Organs were placed in optimal cutting temperature compound (OCT, Sakura Finetek, Torrance, CA, USA) and flash frozen in liquid nitrogen. Sections were sliced at 6 mm thickness and fixed in 5% paraformaldehyde at room temperature for 15 min. Slides were then blocked and permeabilized in 5% non-fat milk in 0.05% Tween-20 PBS overnight at 4 °C. After washing, the slides were incubated with the primary antibody diluted in 2% non-fat milk/PBS for 1 h, followed by the secondary antibody diluted in 2% non-fat milk/PBS for 1 h. Slides were then mounted using VECTASHIELD Antifade Mounting Medium with DAPI (Vector Labs, Burlingame, CA, USA) before visualization using fluorescent filters under a EVOS M5000 microscope (Invitrogen). Images were overlaid using ImageJ software (NIH, Bethesda, MD, USA). The following antibodies were used on 4% para-formaldehyde-fixed OCT sections of monkey organ/tissue: anti-HAdV3 fiber knob mAb- clone 2-1; goat-α-human DSG2 (AF947, R&D Systems), mouse-α-CD163 (Biolegend #333602) with the secondaries as follows: Alexa-Fluor 594 conjugated chicken anti-rabbit IgG (Invitrogen A-21442), Alexa Fluor 488-conjugated donkey anti-goat IgG (Abcam #6881), and Alexa Fluor 488-conjugated goat anti-mouse IgG (Biolegend #405319).

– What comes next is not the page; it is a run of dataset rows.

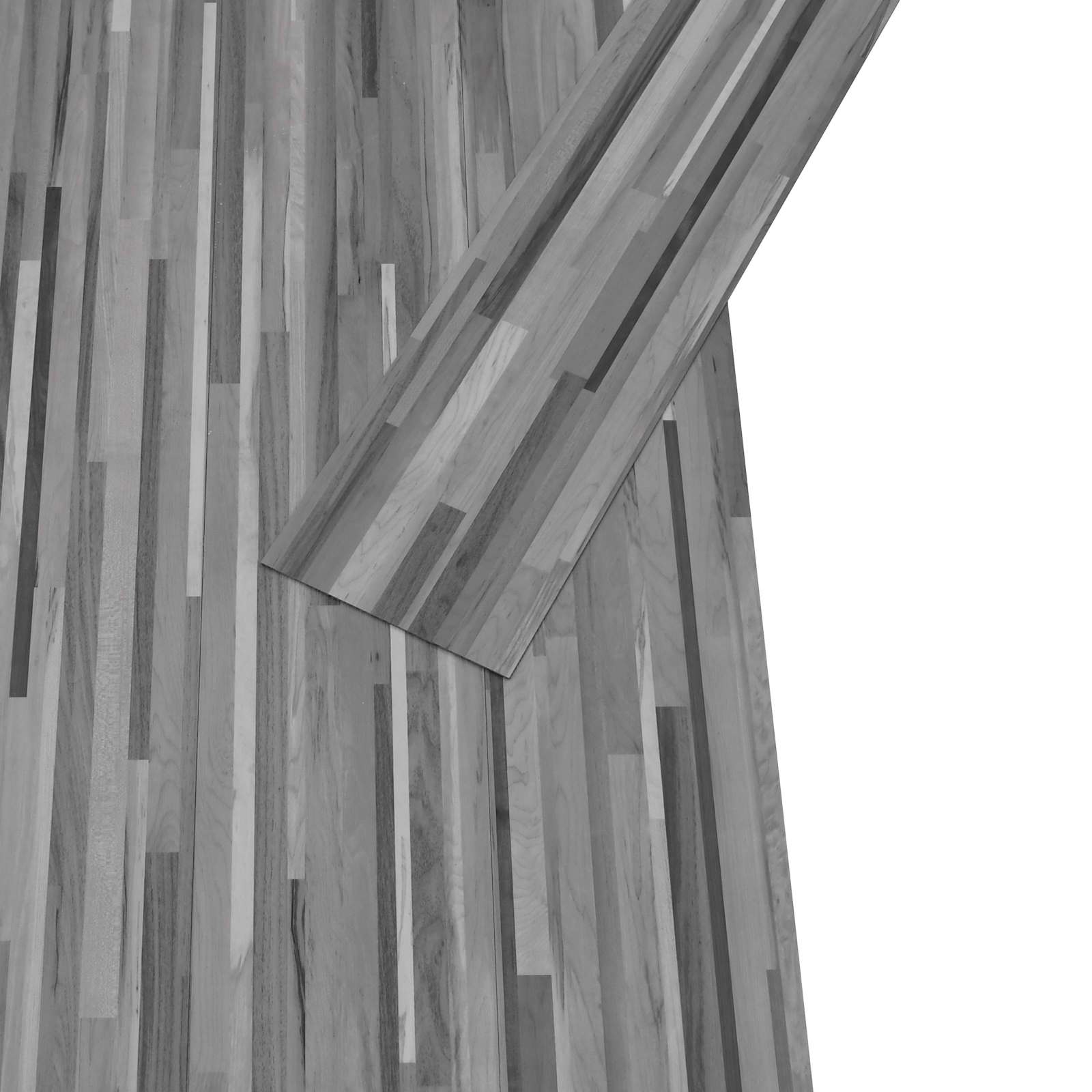 Bodenplanken 18 pcs Walnussbraun 5,26 m² PVC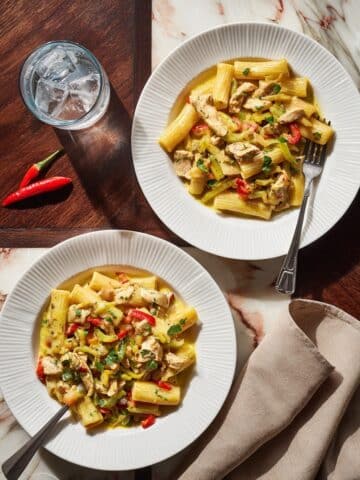 Vegan Rasta Pasta Recipe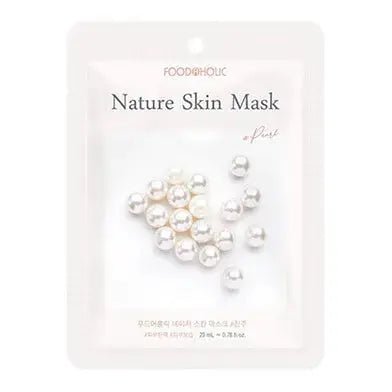Foodaholic Nature Skin Pearl Radiance Sheet Masks – 10 Pack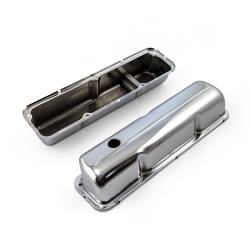 Speedmaster - Speedmaster PCE314.1044 Ford FE 390 427 428 Chrome Steel VC 3.875 Tall Baffled - Image 2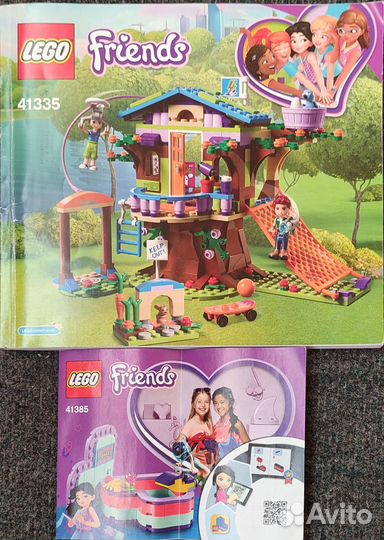 Конструкторы lego Friends (Лего френдз)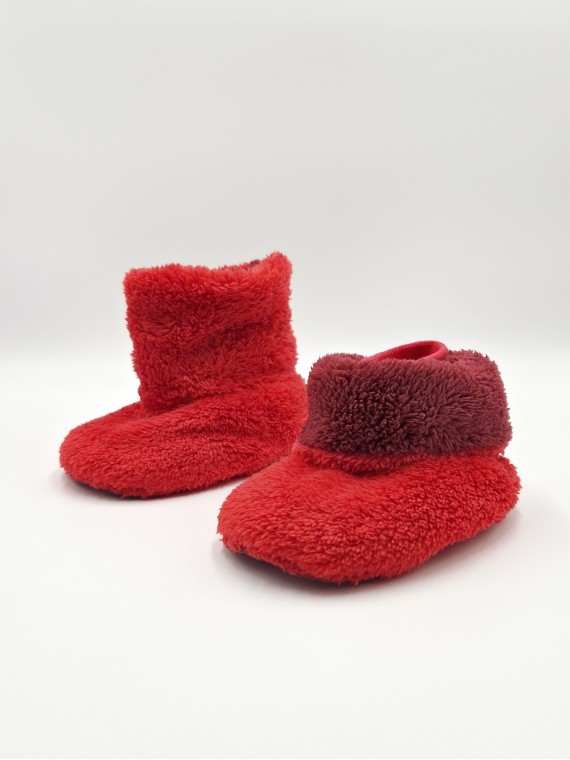 cozy textile rouge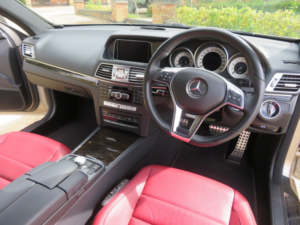 2015 Mercedes-Benz E Class E250 Coupe Amg C207 in Gold — image 2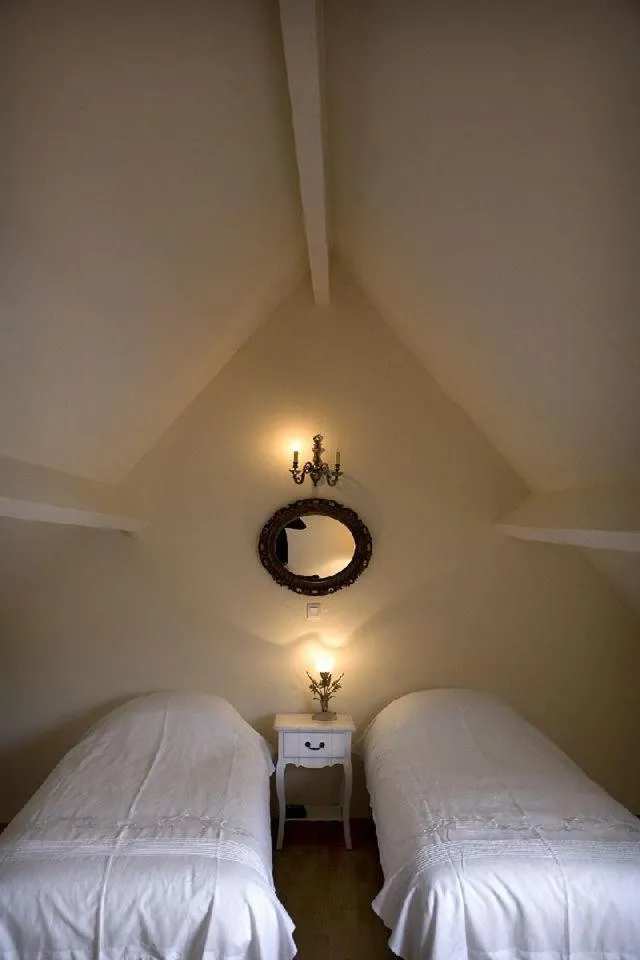 Bed in Auberge 's Gravenhof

Cytokine cytometric bead array

Animal sera were taken and assessed for cytokines (Th1/Th2) using the Non-human Primate Th1/2 cytokine kit/Cytometric Bead Array (CBA) (BD Biosciences, San Jose, CA, USA). Flow data were obtained using a BD LSR II flow cytometer. Results were quantified using the BD CBA FCAP Array Software.

Hematological analyses

Blood samples were collected into EDTA-coated tubes, and analysis was performed on a HemaVet 950FS (Drew Scientific, Waterbury, CT).

Statistical analyses

For comparisons of multiple groups, 1- and 2-way analyses of variance (ANOVA) with Bonferroni post-hoc test for multiple comparisons were used. Statistical analysis was performed with Prism, version 6.01 (GraphPad Software Inc, La Jolla, CA). For GLP toxicology studies, continuous data were analyzed for homogeneity of variance using Levene's test. If the variances were homogeneous (p > 0.001), the data were further analyzed by one-way ANOVA. If a significant F value was observed (p ≤ 0.05), each treatment group was compared to the vehicle control group using Dunnett’s two-tailed t-test (significant at p ≤ 0.05). If Levene’s test was significant (p ≤ 0.001), an appropriate transformation was applied to the data (e.g., log-transformation or rank-transformation), and the analyses was performed on the transformed data.

Ethical approval

The study is reported in accordance with ARRIVE guidelines. All experiments involving animals were conducted in accordance with the institutional guidelines set forth by the University of Washington. The University of Washington is an Association for the Assessment and Accreditation of Laboratory Animal Care International (AALAC)–accredited research institution and all live animal work conducted at this university is in accordance with the Office of Laboratory Animal Welfare (OLAW) Public Health Assurance (PHS) policy, USDA Animal Welfare Act and Regulations, the Guide for the Care and Use of Laboratory Animals and the University of Washington's Institutional Animal Care and Use Committee (IACUC) policies. The studies were approved by the University of Washington IACUC (Protocol No. 3108-01 for mice and 3108-05 for NHPs).